Are you just running out of places to review?

Jonathan's lunch dateNovember 4th 2009.

Where are we going next time? Strangeways?

AnonymousNovember 4th 2009.

How is the writer that reviewed this place? Out of hospital yet?

JonathanNovember 4th 2009.

I bet most of them do John though eh?

scoteeeNovember 4th 2009.

Do they allow Kit Kats in the docks jtb?...Ms G,I agree it looks awful although lilybrown seems to think its obvious I have a 19" screen in front of me and all I can make out is cheap pale and grated cheddar cheese with a few slices of haslet EURRGHHH!! are we sure this isn't from the canteen underneath the courthouse ?(just give the convict his grub before he is incarcerated)?

AvoNovember 4th 2009.

@ NoMoreInsideJobs, I don't think you'd find criminals in this place. The clue is in the name. The CIVIL Justice Centre. However, if you think that lawyers don't deserve good food, JtB and I would well and truly be ****ed.

Lord JeffriesNovember 4th 2009.

I love that idea of the judges above and the poor downtrodden masses below. Very Gilray, very Cruickshank. I hope that cage dancing thing is real as well.

JeromeNovember 4th 2009.

It's typical of the civil service to have no attention to detail.

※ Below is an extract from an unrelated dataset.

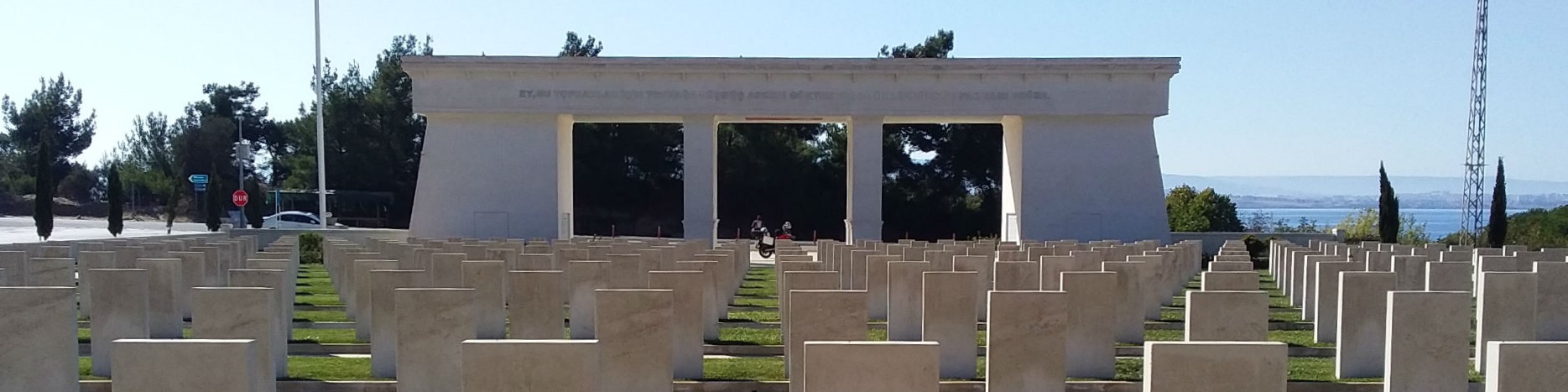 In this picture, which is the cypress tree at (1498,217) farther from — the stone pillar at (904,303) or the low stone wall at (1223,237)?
the stone pillar at (904,303)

I'll be in sample for myself, I had no idea it was open to the public and have always wanted a look. Given certain of my interests I'll enjoy being frisked as well.

SheilaNovember 4th 2009.

definitely cheese!! the cheap stuff that doesnt taste of anything just glues together the panini...

geegeeNovember 4th 2009.

Personally, I'd have the whitworth take over every cafe franchise in a 50 mile radius- one of the VERY few things I miss about Manchester- would love a whitworth in Liverpool.